### PROBLEM TO SOLVE
Word for word, restate the lines of the listing below from the line with "2025 Dodge Hornet GT - Photo 6" through the line with "Kegland Duotight (Push-In)", and do not include the pictures.

### THE INPUT
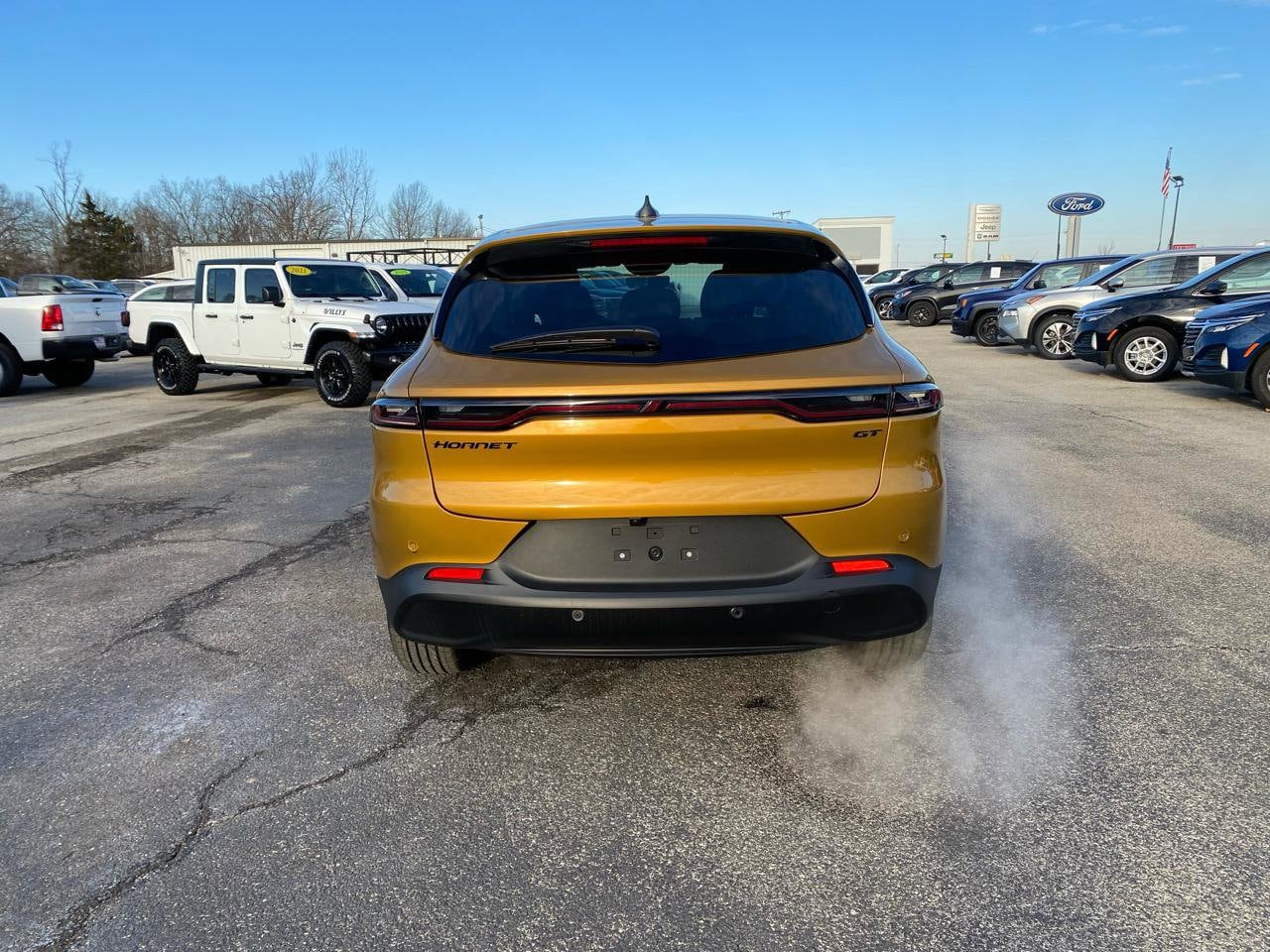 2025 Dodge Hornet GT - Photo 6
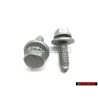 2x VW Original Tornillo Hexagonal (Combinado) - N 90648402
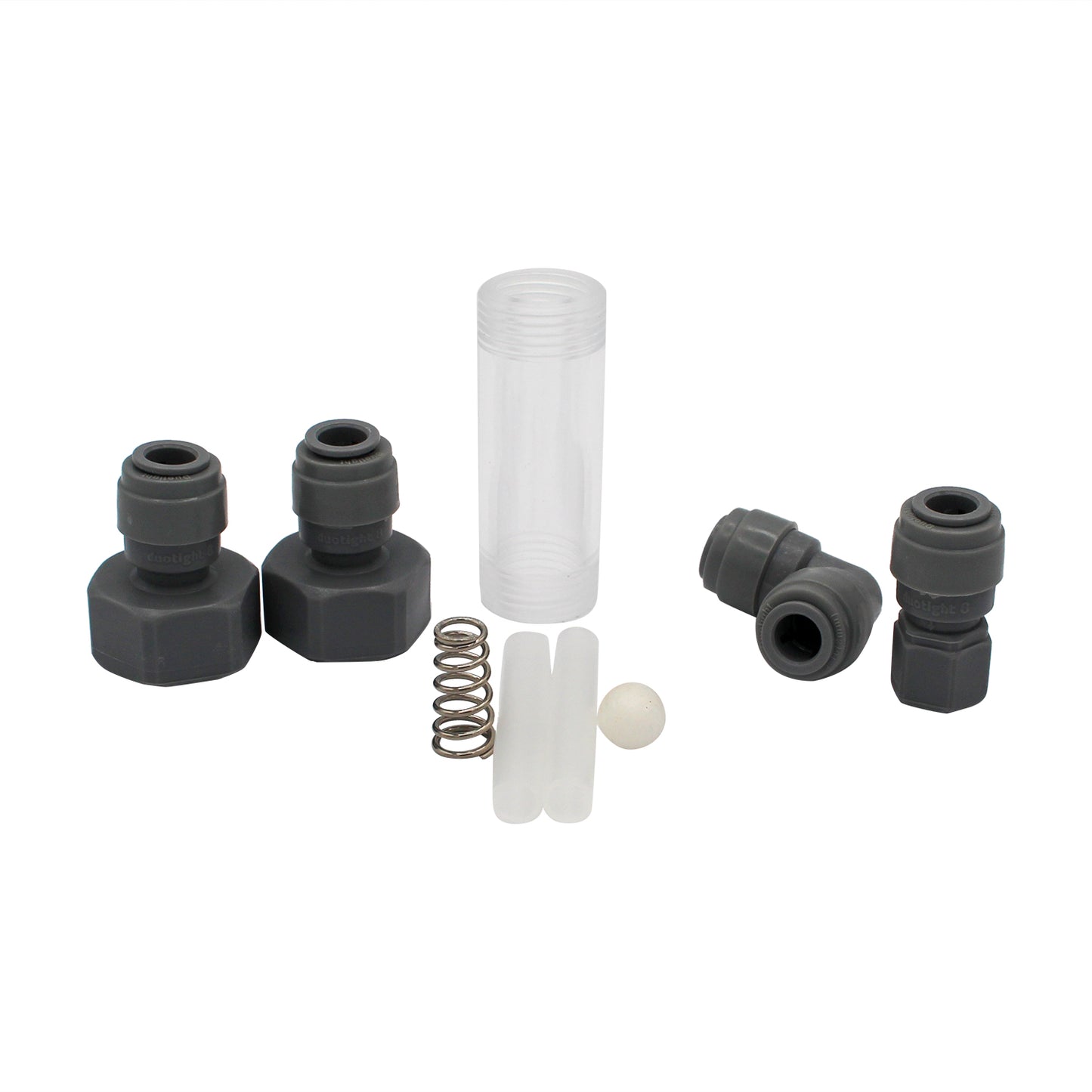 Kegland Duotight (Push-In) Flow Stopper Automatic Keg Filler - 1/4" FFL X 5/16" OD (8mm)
...
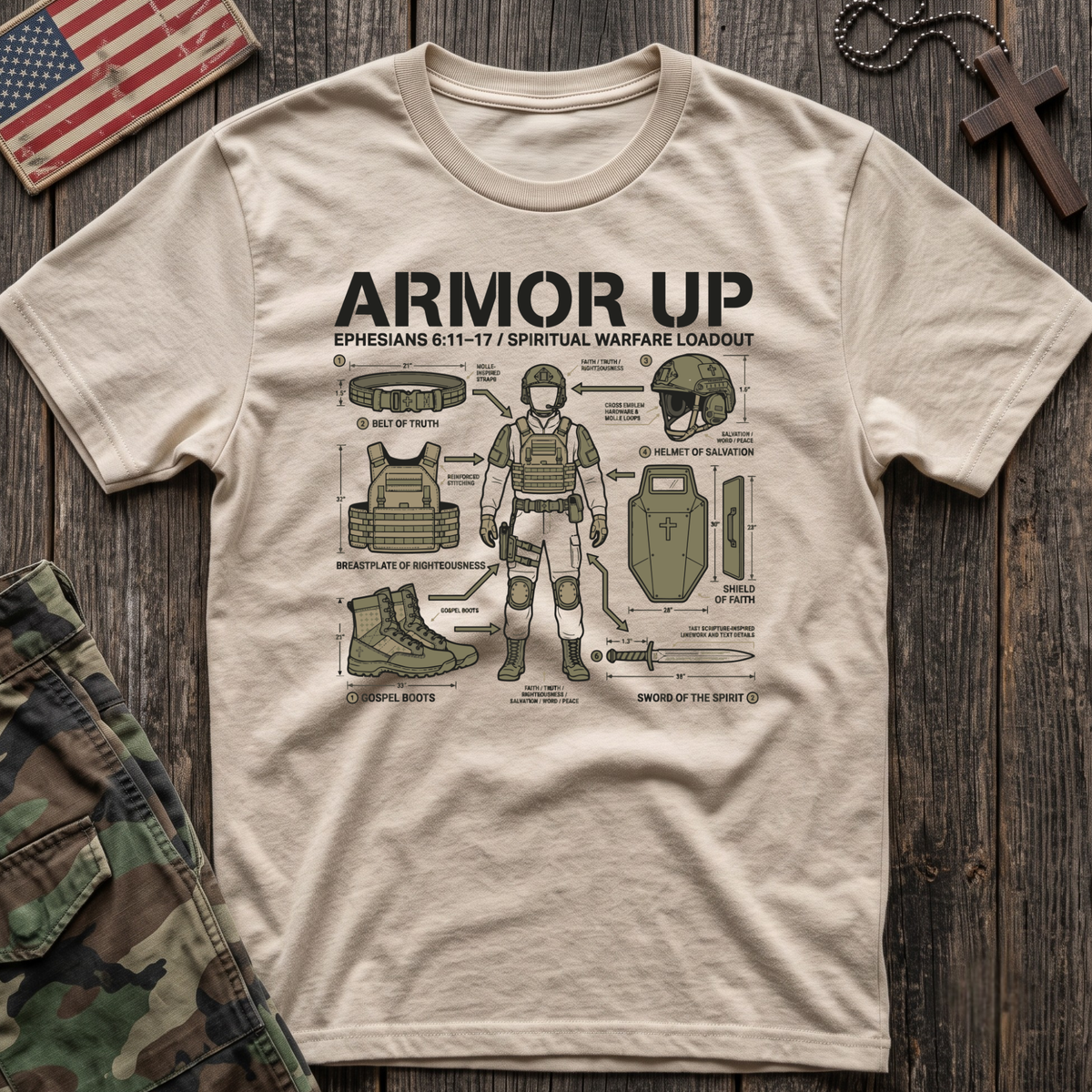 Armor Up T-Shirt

### ANSWER TO THIS EXERCISE
 2025 Dodge Hornet GT - Photo 6
 2x VW Original Tornillo Hexagonal (Combinado) - N 90648402
 Kegland Duotight (Push-In) Flow Stopper Automatic Keg Filler - 1/4" FFL X 5/16" OD (8mm)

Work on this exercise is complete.